25 Aralık 1973’te Ankara’da öldü. Şimdi Anıtkabir’de, silah ve devrim arkadaşı Mustafa Kemal Atatürk’le karşılıklı yatmaktadır.
İsmet Bey…
Kurtuluş Savaşıdır.
İnönü Zaferidir.
Kurtuluş Savaşı sırasındaki karşıdevrim hareketlerinin üstünden geçen silindirdir.
Mudanya Mütarekesidir.
Sevr’i gömen Lozan’dır. Cumhuriyet’tir.
İlk Başbakandır.
İkinci Cumhurbaşkanıdır.
CHP ikinci başkanıdır.
Demokrasiye yol veren istasyon şefidir.
İsmet Bey…
Köy Enstitülerini kurmak,
Halk Evlerini yaşatmaktır.
Ankara Büyük Tiyatroda, özel locası vardır.
Keman çalmıştır.
Batı Klasiklerini çevirsin diye, Tercüme Bürosunu açmıştır. Bugün yüzakı diye andığımız cümle yazarın geçtiği yer orasıdır.
İsmet Bey, saysan aklın almaz bir eylemliliktir.
Yaptığı herşey eleştirilebilir, elbette eleştirilmelidir.
Yaptığı herşeyi anımsamak ve nasıl yapıldıklarını ve nasıl yapılamadıklarını, elbette iyice öğrenmek koşuluyla…
Bu satırların yazarı, 30 yıl önce Devlet Tiyatrosuna girdiğinde, aklına geldiğince konuşuyordu. Bir ağabeyi, onu bir kenara çekti. Sinirliydi. Dedi ki, “Önce yaptığın hele körfeze ulaşsın, haket. Sonra, başta ben olmak üzere, hepimizin ağzına et.” Yazar, o günden beri ne yazsa, ne söylese… Kimseler bilmez, önce körfeze bakar.
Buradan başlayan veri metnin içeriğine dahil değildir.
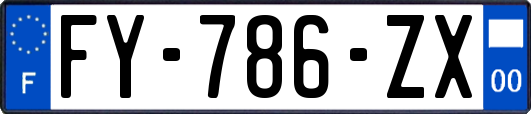 FY-786-ZX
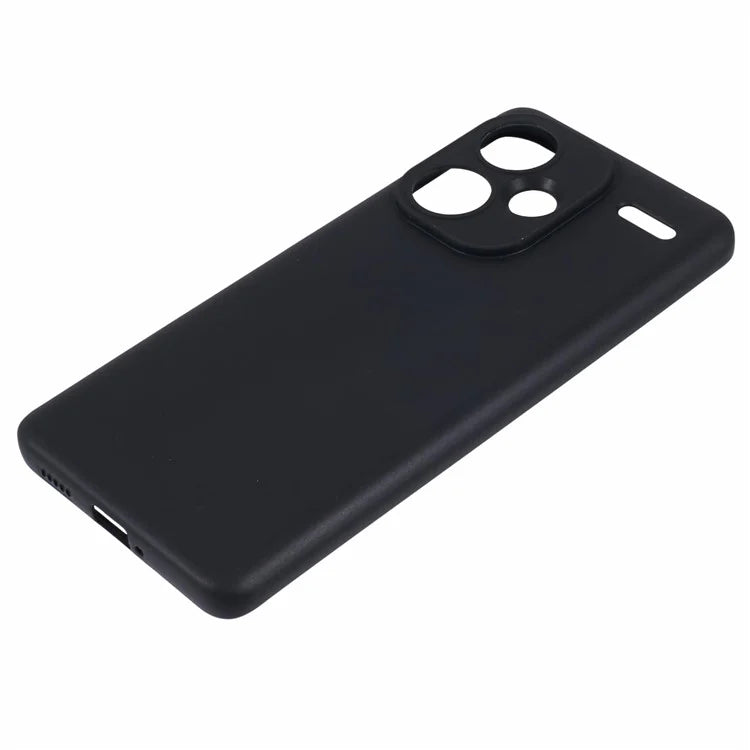 For Xiaomi Redmi Note 13 Pro+ 5G Phone Case Glossy Surface Soft TPU Back Cover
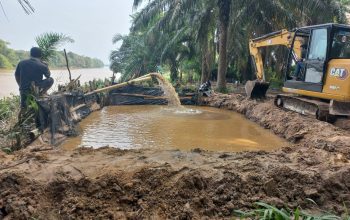Tambang Pasir Diduga Ilegal di Gedung Aji Disorot, Warga Keluhkan Kerusakan Jalan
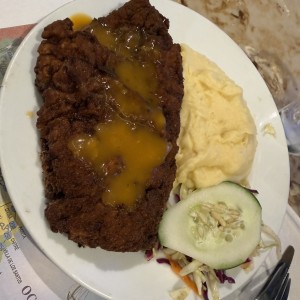 Bistec a la Milanesa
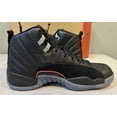 thumbnail image 3 of Ni - ke Air Jordan 12 Retro Utility Black DC1062-006 Men’s Size 8.5, 3 of 5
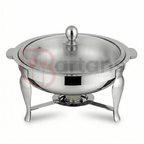 Al Ansar Stainless Steel Premium Quality Chafing Dishes
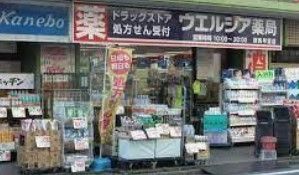 ドラックストア　ウエルシア練馬早宮店（ドラッグストア）まで720m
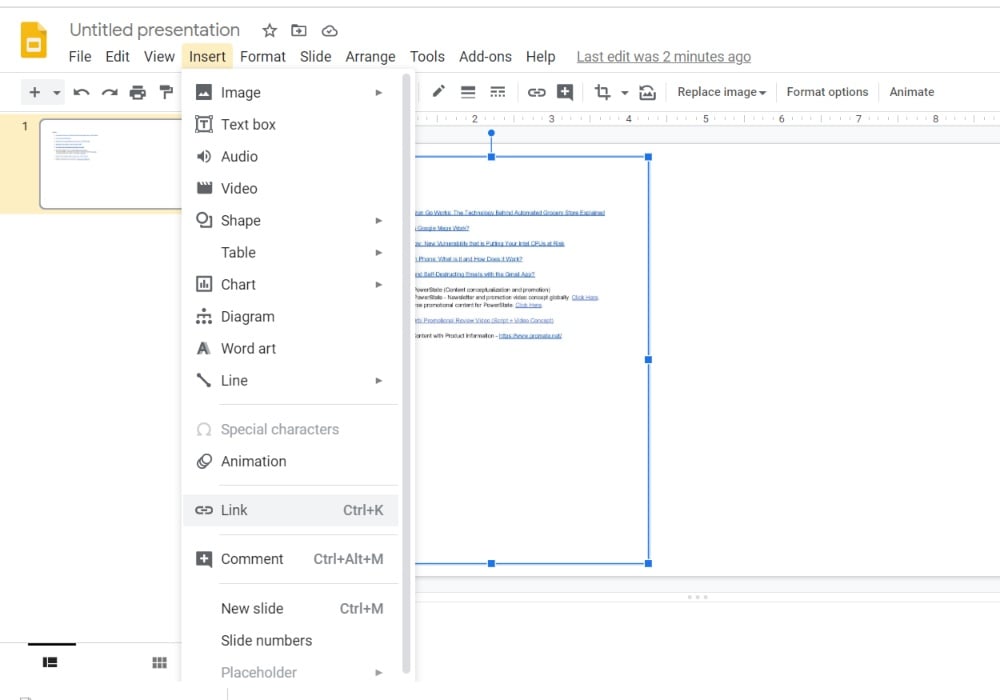 How To Add A PDF Into Google Slides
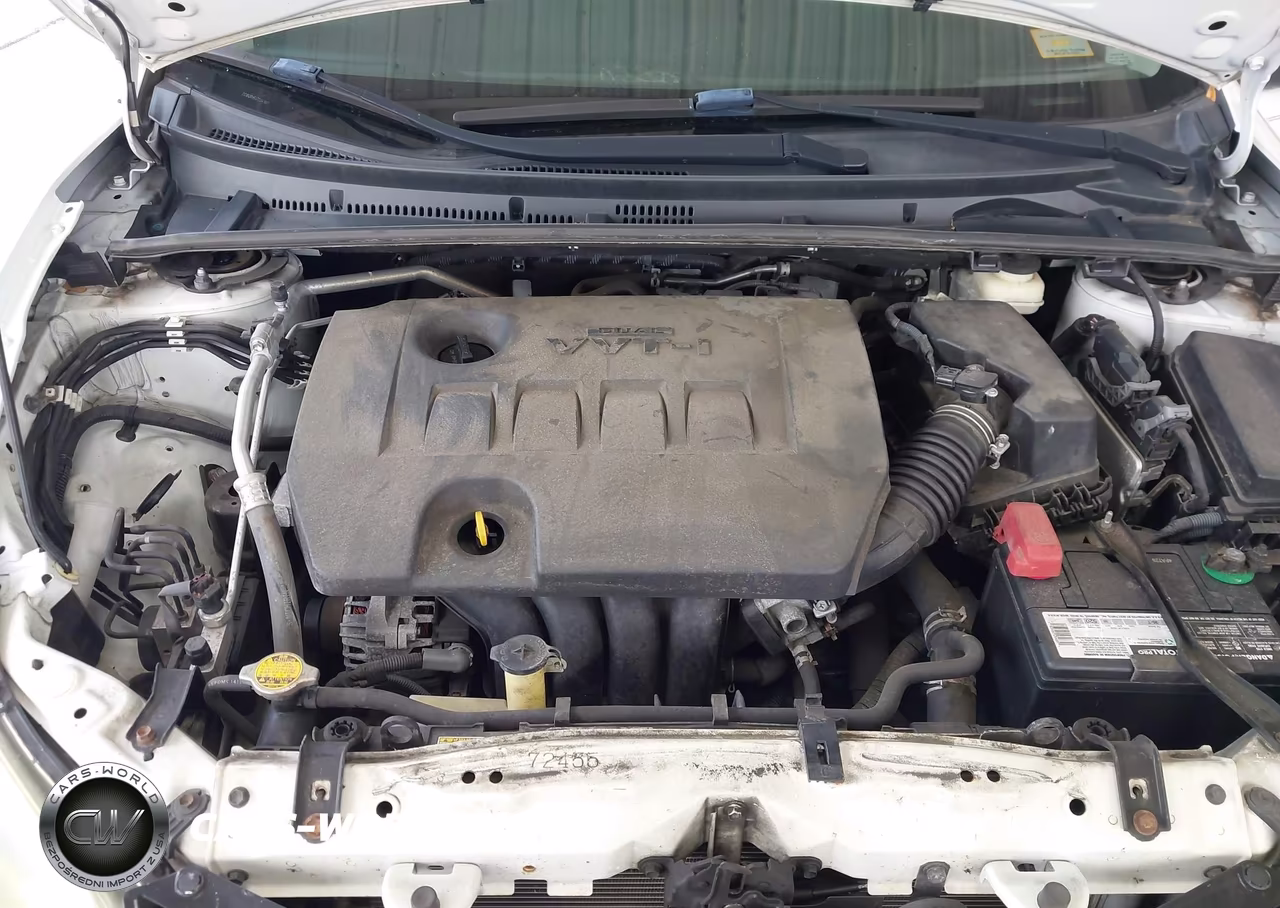 2015 Toyota Corolla S Plus VIN:2T1BURHE6FC341807 - 10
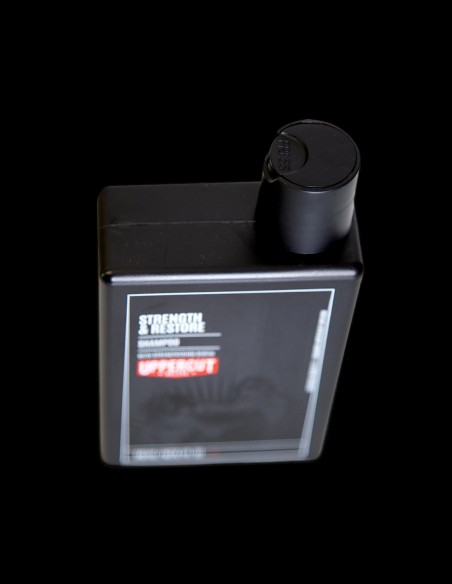 Uppercut Deluxe - Strength & Restore Shampoo - 240ml @ BarberKing.ca
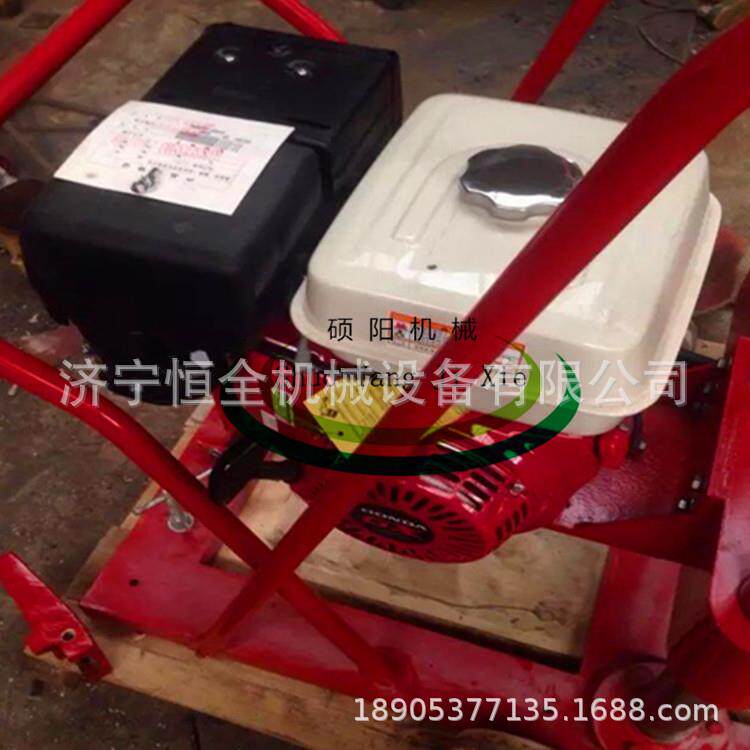 人机造金刚石薄钻壁汽油公路取芯头公路交能部门钻孔HZS取芯机
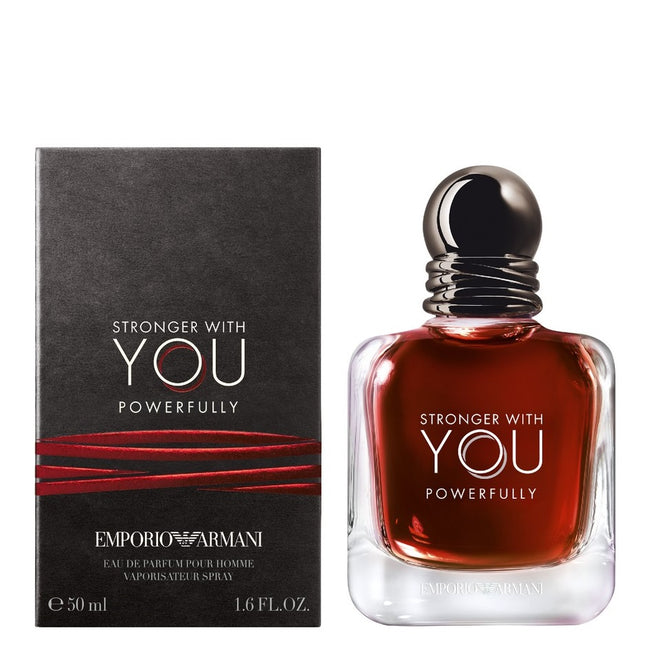 Giorgio Armani Stronger With You Powerfully woda perfumowana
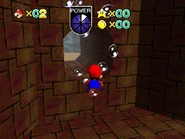 The underwater section.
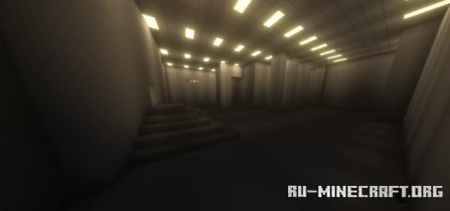 ������� Realistic Backrooms ��� Minecraft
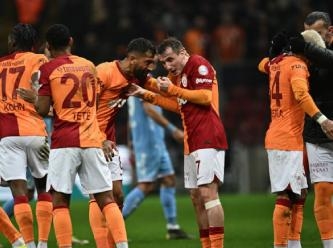 Galatasaray müthiş serisini devam ettirip koltuğu devraldı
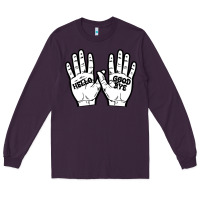 Plum Cult of Klaus Umbrella Long Sleeve Tee - Bettercallsaul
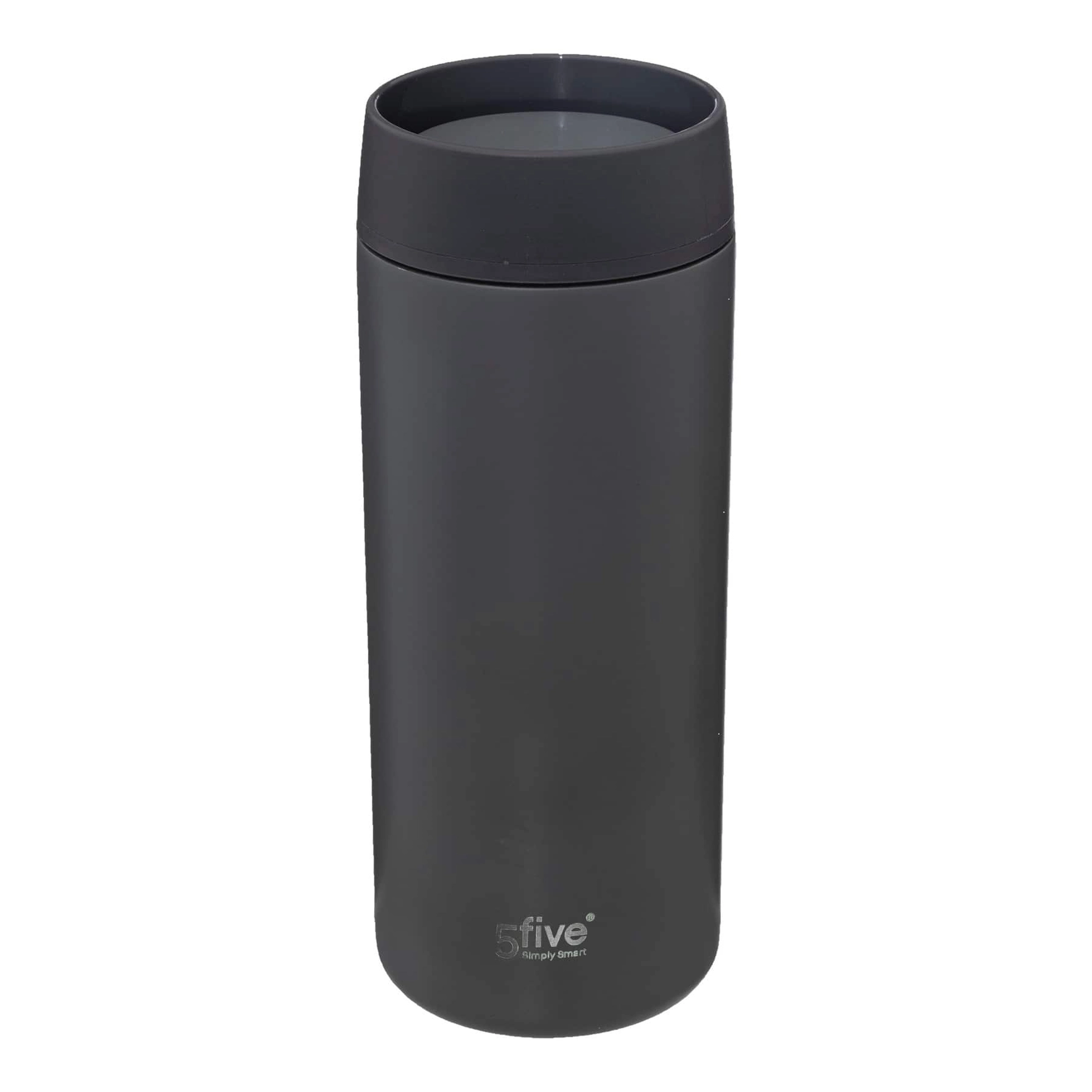 5Five Insulated Stainless Steel Drinking Bottle (Assorted colors/designs, 350 ml)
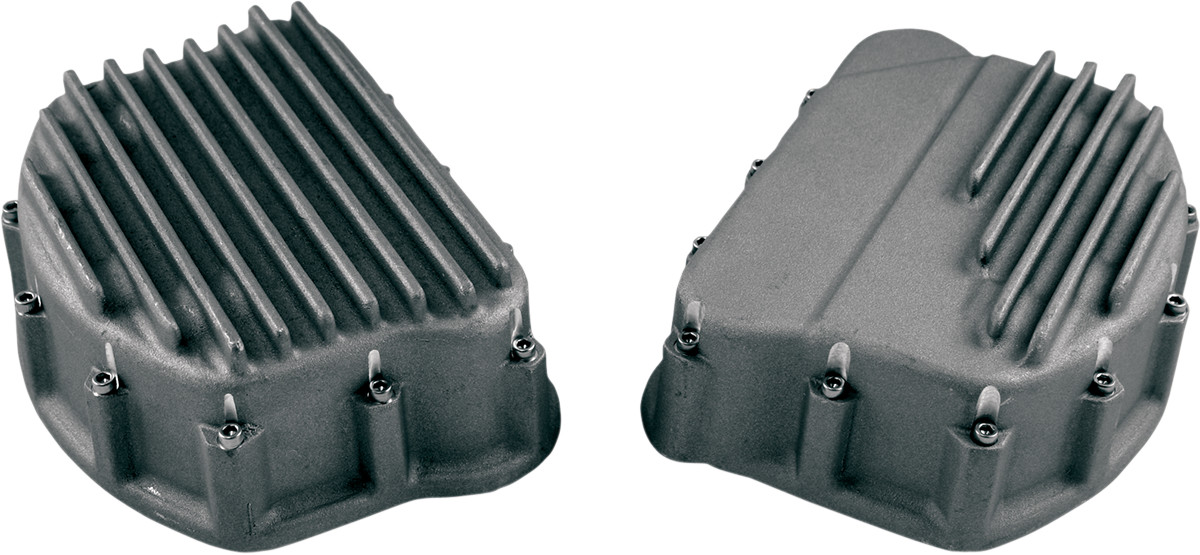 CUSTOM CYCLE ENGINEERING Finned Rocker Covers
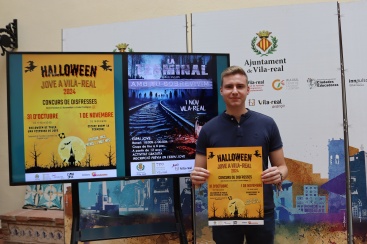 Vila-real invita a celebrar Halloween con disfraces, juegos y un 'escape room' en el Espai Jove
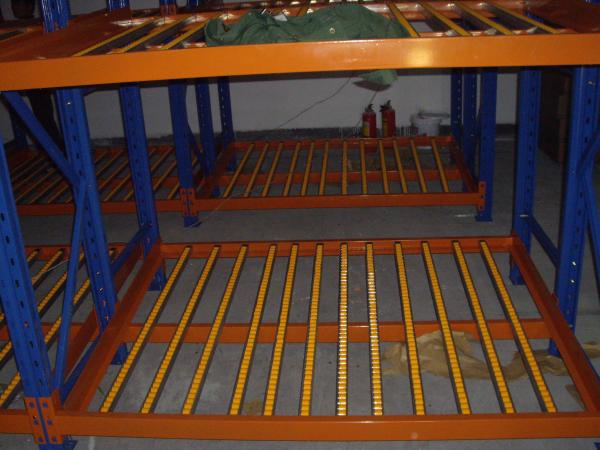 Cheap Adjustable high density split case light duty Carton flow rack with multi level for sale
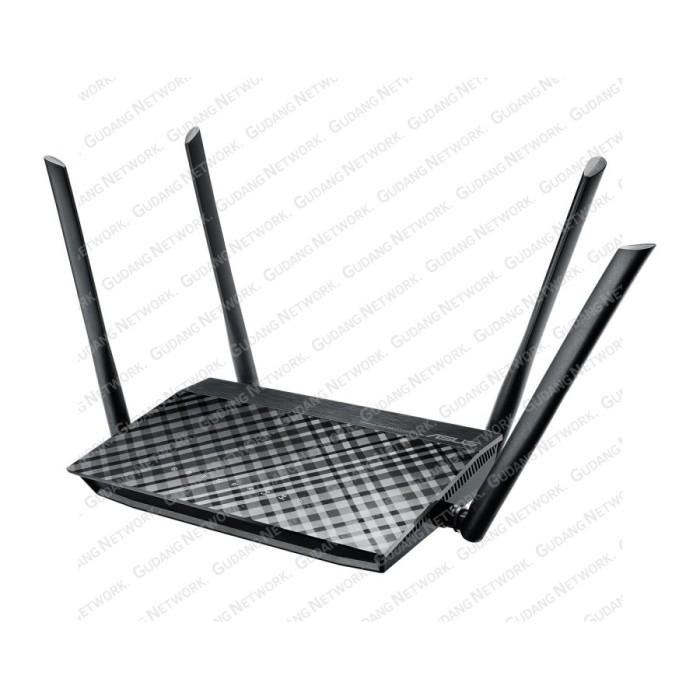 Jual ASUS ROUTER AC 1200, RT-AC1200, AC1200, ROUTER WIFI, WIRELESS ...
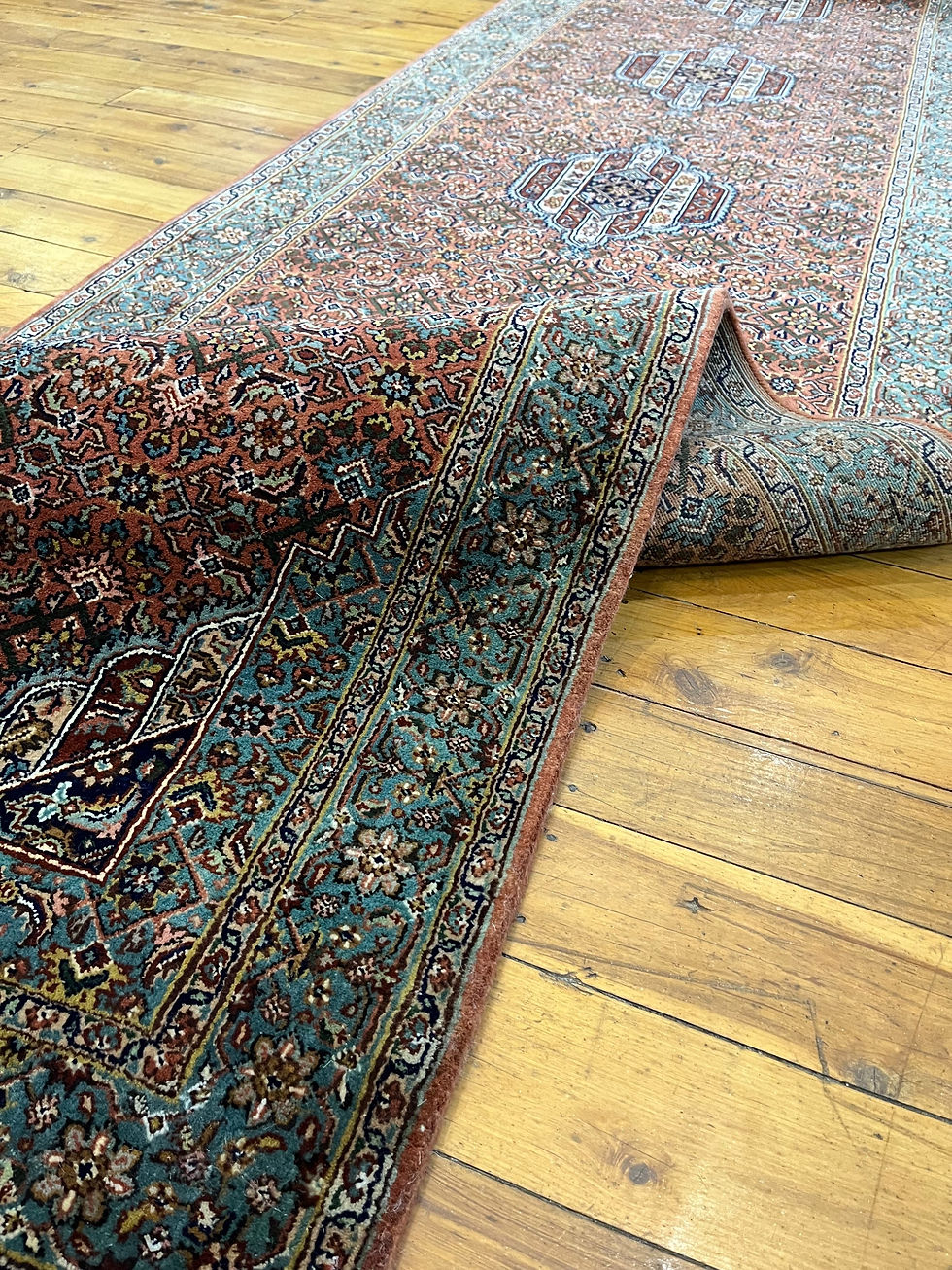 Thumbnail: Indian Tabriz Runner (353x90cm)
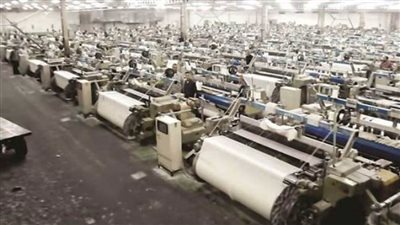شركات الغزل والنسيج تواجه أزمة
Şimdi, işte bu sözü anımsamanın, anımsatmanın –yine- zamanı geldi.
İzmir’e yakışır biçimde.
Fuara git.
Lozan kapısından gir.
İki adam karşılayacak seni; Mustafa Kemal Atatürk ve İsmet İnönü.
Gülüyorlar.
“Adam” nasıl olunur, adamlar “nasıl” konuşup güler, git bak, hisset, anla.
Anlayacaksın.
Sonra düşüneceksin,
Ne söyledim,
Niye söyledim,
Ben bir halt ettim,
Ettim de…
Körfeze ulaştı mı, bir kendine bir denize bakıp, kendine soracaksın.

Yanıtın yok mu?
O zaman, bacak kadar boyunla,
Ülkeyi, tahammülü ve Türkçeyi zorlamayacaksın!